Minnesota's 2002 defense and Detroit's 2008 defense tie as the worst with +5.2 WPA. The Kansas City defense of 2004 is close behind at +5.1 WPA. Also note that Houston's defense would be the overall worst on a per game basis.
"Win Probability Added (WPA) can account for these various considerations and provide a very good estimate of how good a squad actually was."
To me *good* implies something more along the lines of inherent, repeatable skill or ability. Instead, I would say WPA provides a very good estimate of how *valuable* a squad was. WPA is greatly influenced by context and situational effects, which are highly random. I would bet WPA is not very consistent from game to game or year to year and thus not as predictive as more conventional stats. As you note, it is a narrative stat, i.e. retrodictive.
I agree that WPA can be a very useful concept, but I don't want to see it presented as something it is not.
That's how it was presented in his post. Don't see your point.
"WPA should be considered a 'narrative' stat. It measures what actually happened and doesn't attempt to any more than that."
What's with that first comment? It's like saying 'I agree with what you wrote. But if you had written something completely different, I would disagree with you.' No use splitting hairs over "good" vs. "valuable" in a 200 word blog post.
I love WPA in football analysis because it seems to be to be the only way to entirely account for context. Sure, the contextual factors mean you need a bigger sample size, but WPA gives you a ton to make up for this. It's retrodictive to a point but its inclusive nature means WPA captures tons of stuff that simple component metrics don't and can't account for, things that may well be predictive given a large sample.
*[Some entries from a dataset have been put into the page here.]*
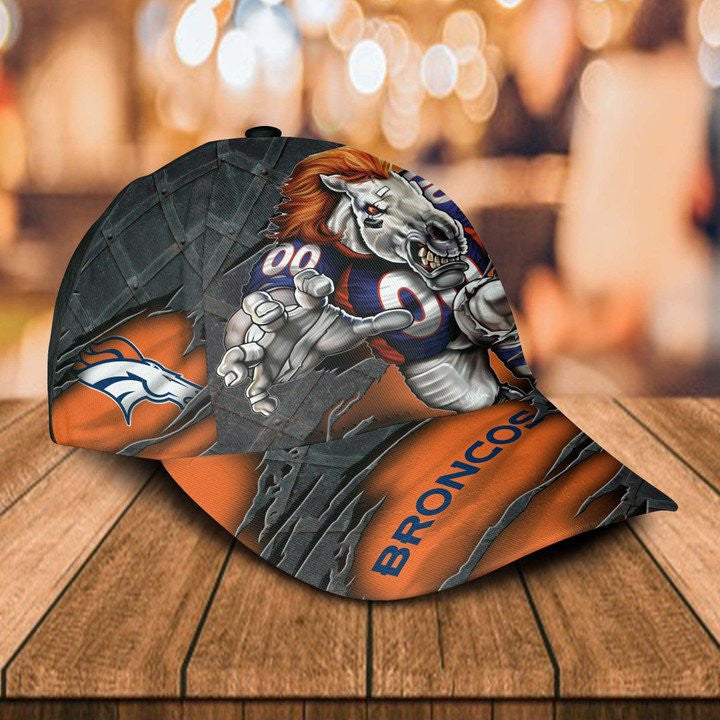 Denver Broncos Classic Cap 311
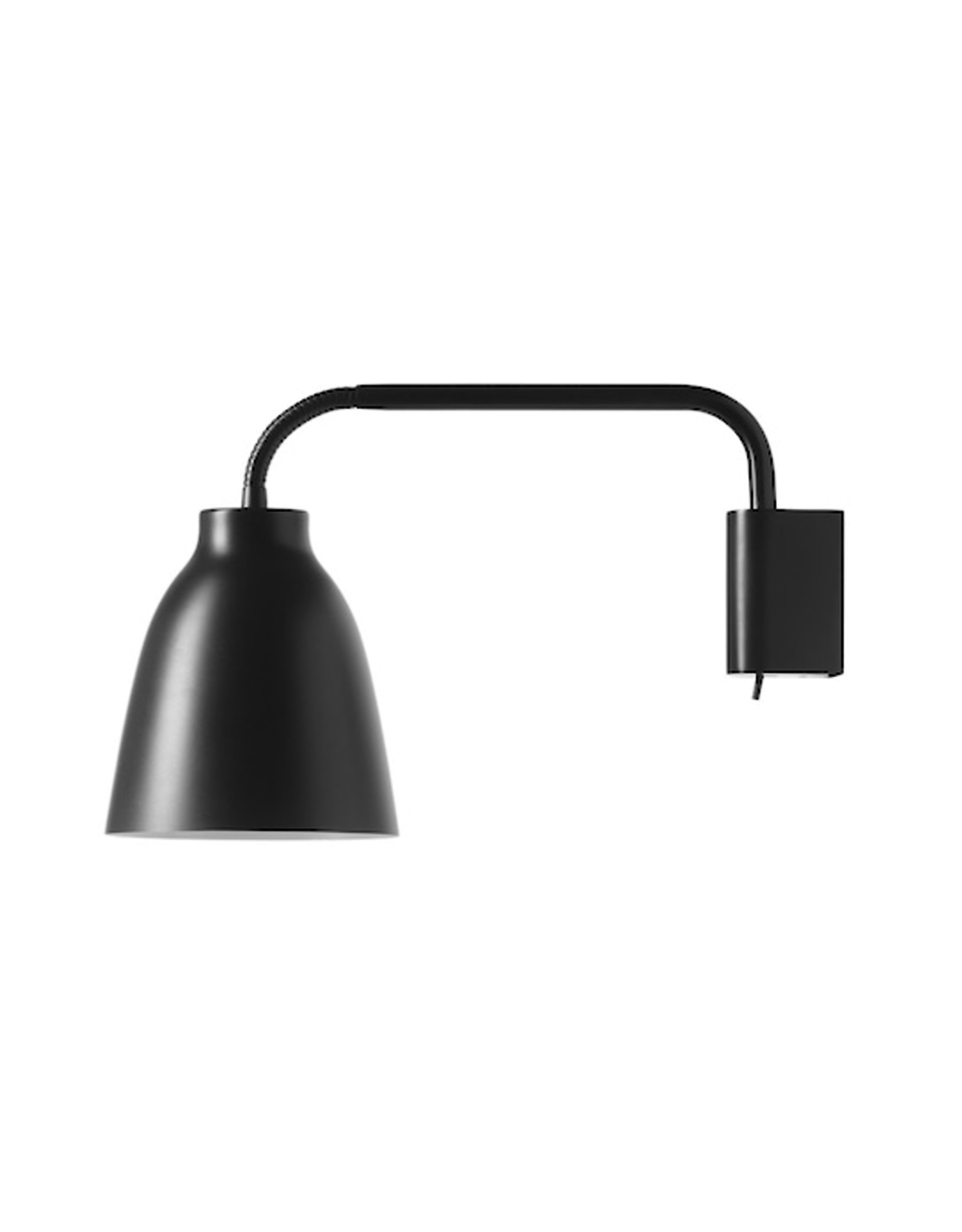 (SHOWROOM ITEM) CARAVAGGIO WALL LAMP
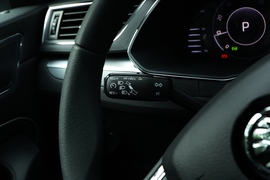 2021款斯柯达速派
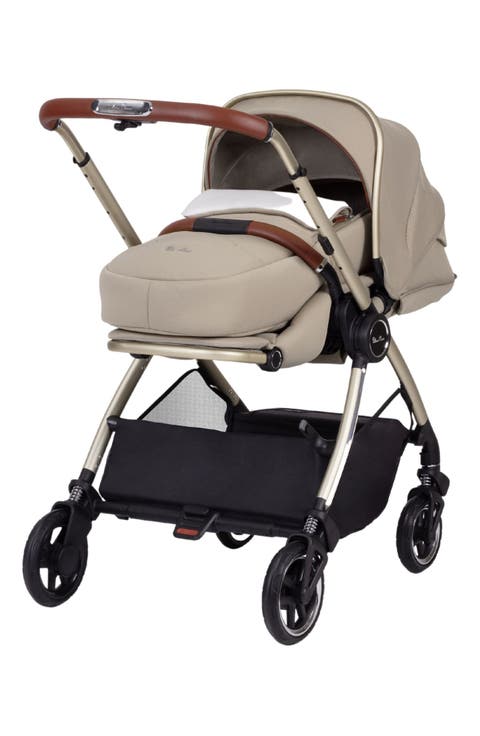 Newborn Pod for Reef Stroller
I'm looking forward to more WPA analysis, especially to some form of run-pass analysis - I think WPA has the most potential to fairly conclusively answer the "passing paradox" and tell us how optimal teams are in their mix of running and passing.
It seems to me that this metric will rate a good defense higher the worse the team's (not opposing) offense is. A defensive stop is worth a lot more in a 7-3 game than a 35-3 game.
Adding to what JB H said, is there a way for you to calculate WPA/LI? For instance, the Patriots D in 2007 had a -1.5 WPA, but I'm sure their WPA/LI was near the high 2's/low 3's since they were involved in so many blowouts (hence not as much opportunity for their defense to help them).
Zach-Interesting, but I think we'd be better off with an Expected Point rating. Doing WPA/LI would be somewhat circular (unless I misunderstand). LI has to be derived from WP, whichever particular method used to estimate it. So when you do WPA/LI, you're making all plays with the same outcomes equivalent in terms of score and time remaining. I'd just go with an Expected Points Added (EPA), which I think is Football Outsiders DPAR/DYAR simply is.
Actually, WPA/LI is not circular. But, there's probably a handful people in the world that understands why I do WPA/LI, so this is a failing of mine that I can't explain better than I have...